A large body of evidence indicates that higher levels of physical activity (PA) in late life are associated with reduced risks of several chronic diseases and all-cause mortality (Nelson et al., 2007). On the other hand, sedentary behavior (SED), defined as any waking behavior characterized by an energy expenditure [less than or equal to] 1.5 metabolic equivalent units (METs) while in a sitting or reclining posture, is increasingly recognized as a life-style factor raising the risk of cardiovascular disease, type 2 diabetes and mortality, independent of PA levels (Biswas et al., 2015; Chomistek et al., 2013; Koster et al., 2012). Therefore, accurate measurement of the PA and SED levels in community-dwelling older population under free living conditions is needed to improve the understanding of daily PA and SED, and to inform public health strategies to increase PA and reduce SED in older adults.
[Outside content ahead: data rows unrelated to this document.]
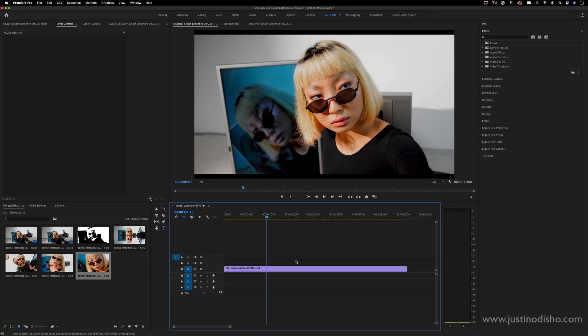Hi, my name's Justin Odisho and in this Adobe Premiere Pro tutorial, I'm going to show you the concept of stacking effects and using the effects control panel in Adobe Premiere.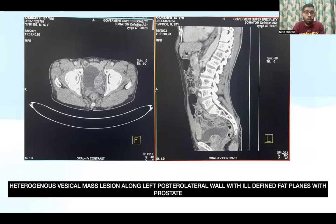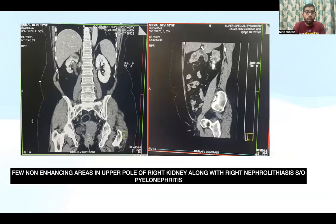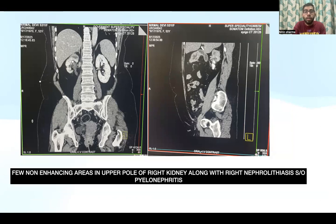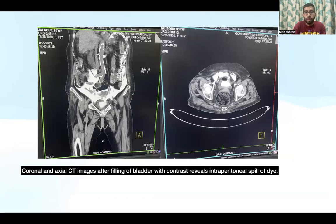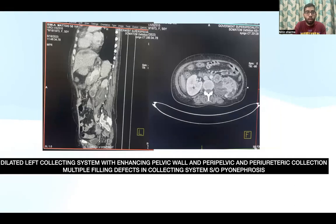This is another case of a vesical mass lesion showing a heterogeneously enhancing lesion along the left posterolateral wall with ill-defined fat planes with the prostate. This next case shows a hypertensive and diabetic patient presenting with fever, where contrast-enhanced images revealed non-enhancing areas in the upper pole of the right kidney along with right nephrolithiasis, with findings suggestive of pyelonephritis. Another case showed trauma after catheterization with intraperitoneal spill of dye following contrast administration through a catheter from the bladder. A further case shows a dilated left collecting system with enhancing pelvic wall and periureteric collection and multiple filling defects in the collecting system, suggestive of pyonephrosis.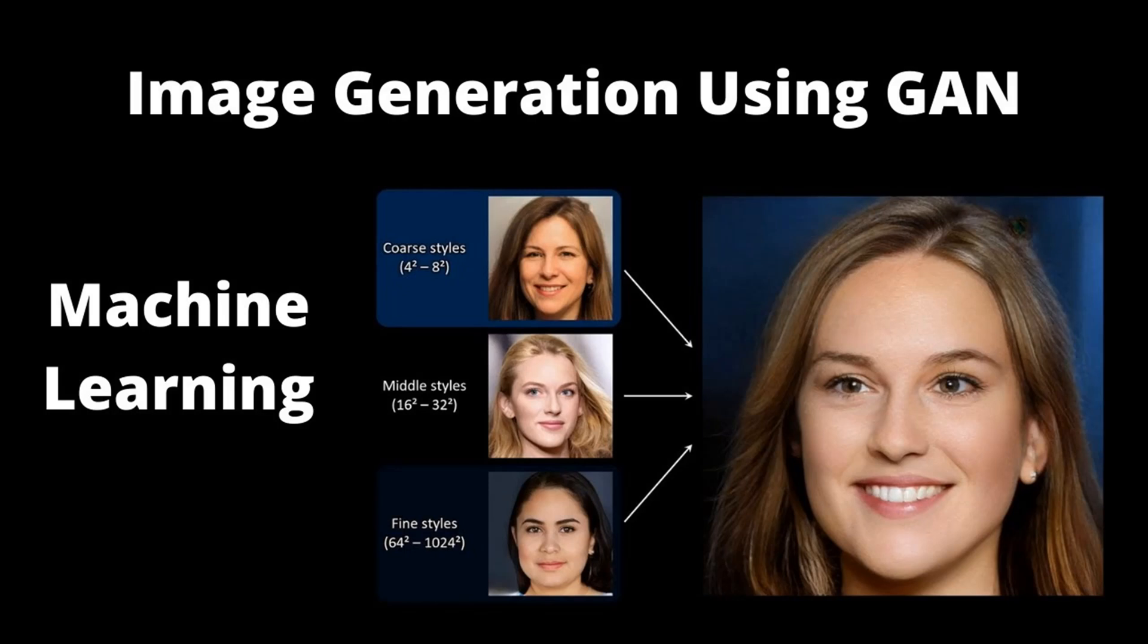By the end of this walkthrough, you'll have a reproducible setup for generating 64 by 64 images, full TensorBoard monitoring, and scripts to save both model checkpoints and sample outputs. Let's dive in.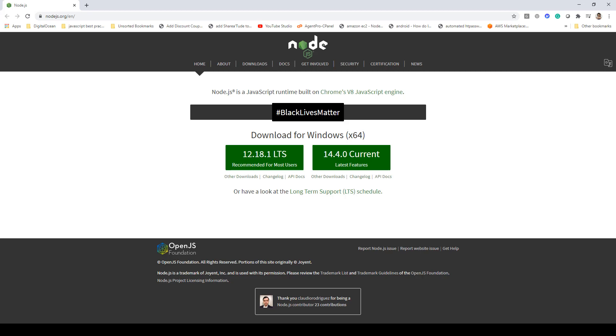Now that we know what Next.js is, in this video we will be taking a look at how we can create a simple application using Next.js.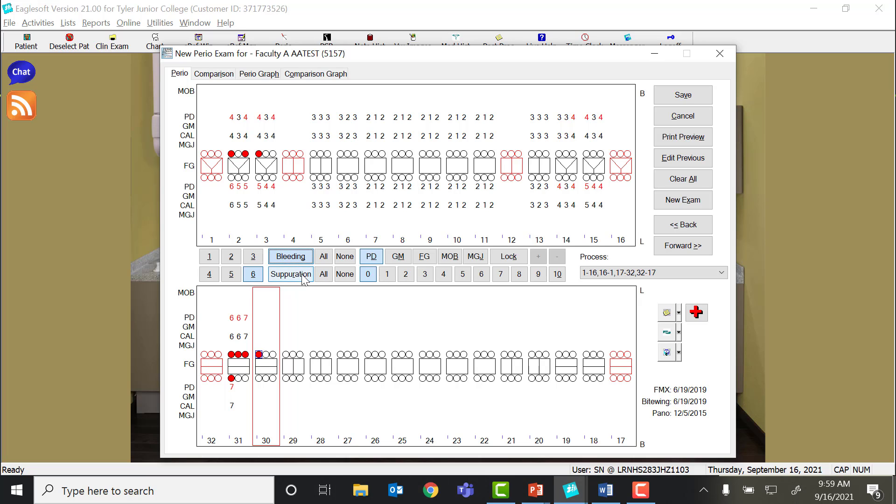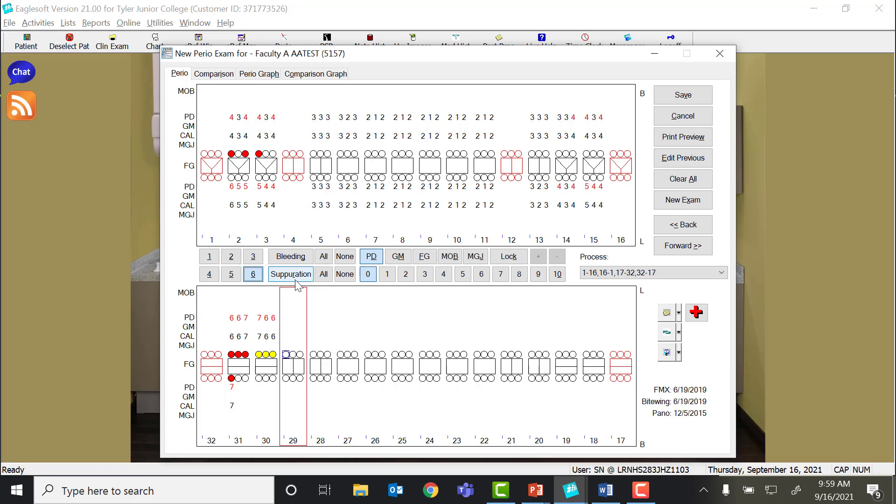For suppuration, if there's actual pus that comes out of the pocket, you will notice that turns the little box yellow. I can click the button and put it in there, or the R is underlined, I can do R and the number.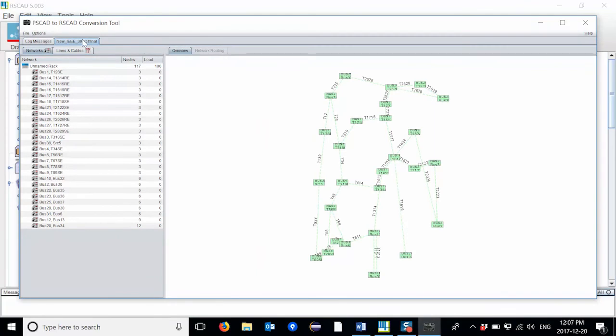The overview tab on the right hand side of the window shows where the components will be located on the RSCAD draft drawing canvas. The conversion tool determines the placement of components based on the PSCAD case.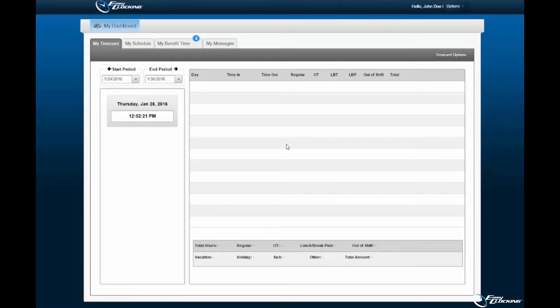Welcome to the EasyClocking software tutorial. In this tutorial, we will be going over the PTO feature of the EasyClocking software. We will demonstrate the most common processes associated to PTO.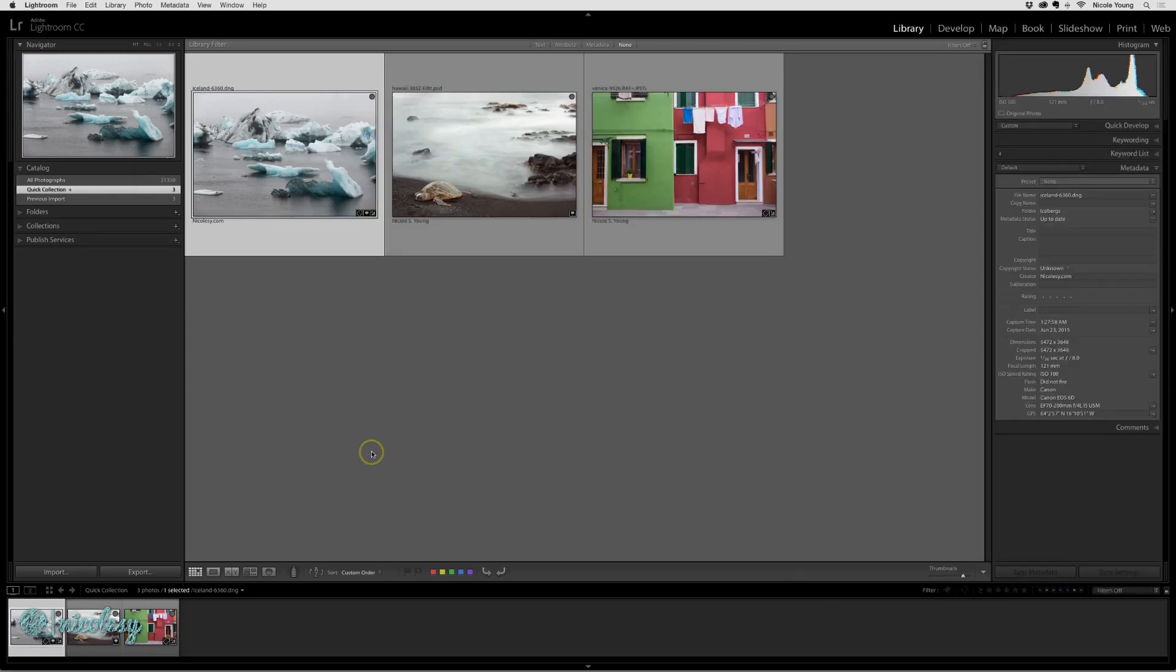And then if I go back into Lightroom, my file is there but no changes have been made. In order to actually see these changes, I need to scan the metadata of this file.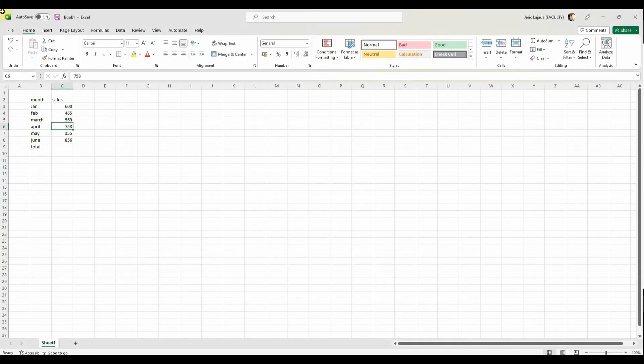So let's say, for example, that we have a table in here. Sometimes when we get the sum of each of these numbers, it's giving us a value of zero.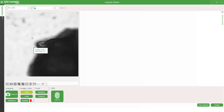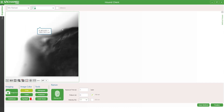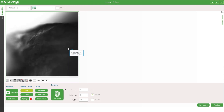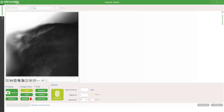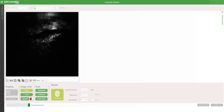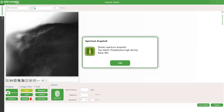Moving over to the next particle, I'm going to increase the magnification further and use the 785 nanometer Raman laser to try to identify it. I will start with low laser power and low exposure time to see if I can get a measurement. I get a match of high density polyethylene.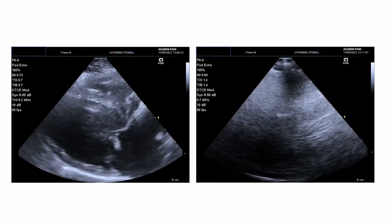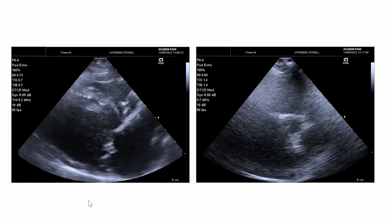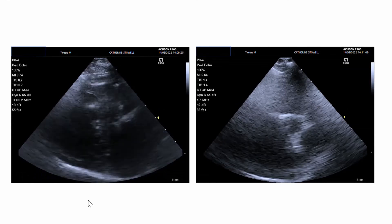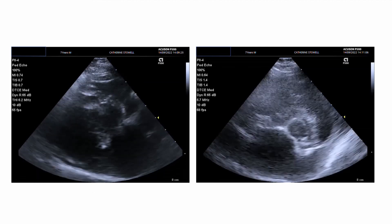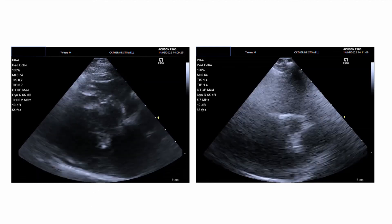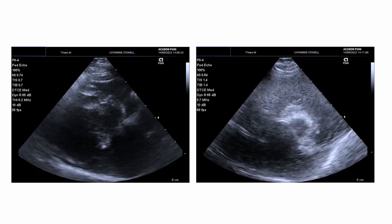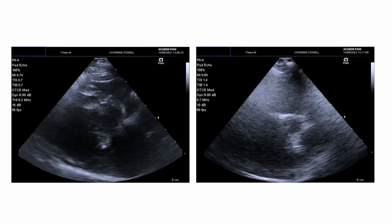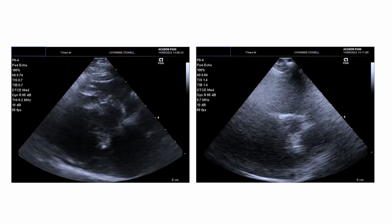This dog also has mitral valve disease, but the difference here is that cardiac remodeling has clearly occurred. Can you see how large this left atrium is? In the short axis, it's a really very dramatic dilatation — compare it to the aorta. You don't need an LAAO ratio to tell you that. So because cardiac remodeling has clearly occurred, combined with all your other examinations, you're more likely to find that this dog is going to be a stage B2.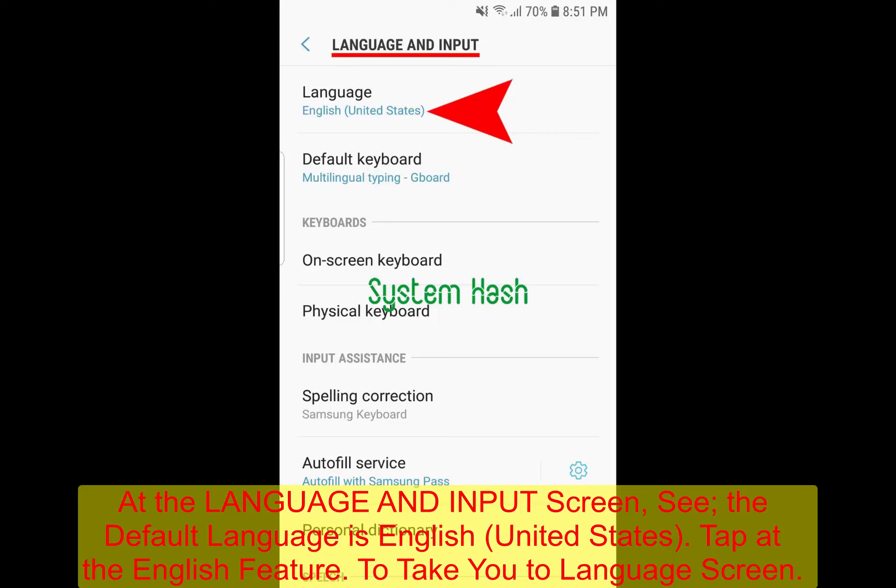At the language and input screen, see the current default language is English of the United States. To change this default language, tap English of the United States.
Traditionally, epidemiological studies rely on subjective measures, such as questionnaires and behavioral records, in the assessment of PA in community-dwelling older people. However, such measures are often reported to either over- or underestimate PA levels due to recall bias, particularly in older adults (Kowalski et al., 2012). Moreover, many of the existing subjective tools fail to measure SED and light-intensity PA adequately (Shephard, 2003), while these two might be major determinants of daily PA level for older adults (Colbert et al., 2014; Meijer et al., 2001). Alternatively, accelerometers are capable of measuring PA objectively, and thus have been widely accepted as valid measures of PA in a number of populations including older adults (Copeland and Esliger, 2009; Lee and Shiroma, 2014). More recently, a tri-axial accelerometer with its prediction models accounting for the type of activity performed has been shown to yield more accurate estimation of PA intensity (Midorikawa et al., 2007; Ohkawara et al., 2011), which might potentially improve the understanding of daily PA and SED in older adults.
To date, there are only a few large-scale studies that objectively assessed PA and SED using accelerometers in older adults while most of accelerometer-based studies were carried out in the western population (Arnardottir et al., 2013; Davis et al., 2011; Evenson et al., 2012; Hansen et al., 2012; Jefferis et al., 2014; Lohne-Seiler et al., 2014). Little is known regarding accelerometer-derived PA and SED levels in older adults in countries of different cultures and environments, such as Japan. Moreover, although the Japanese society undergoing the world's fastest aging, Japan has the highest healthy life expectancy at birth (Tamiya et al., 2011). Thus, data from older adults in Japan may provide unique insight into the current levels of PA and SED in older adults. The main aims of this study were therefore to 1) describe levels of PA and SED in Japanese community-dwelling older people, using tri-axial accelerometers, 2) examine the variation of PA and SED with respect to sex, age, and body mass index (BMI).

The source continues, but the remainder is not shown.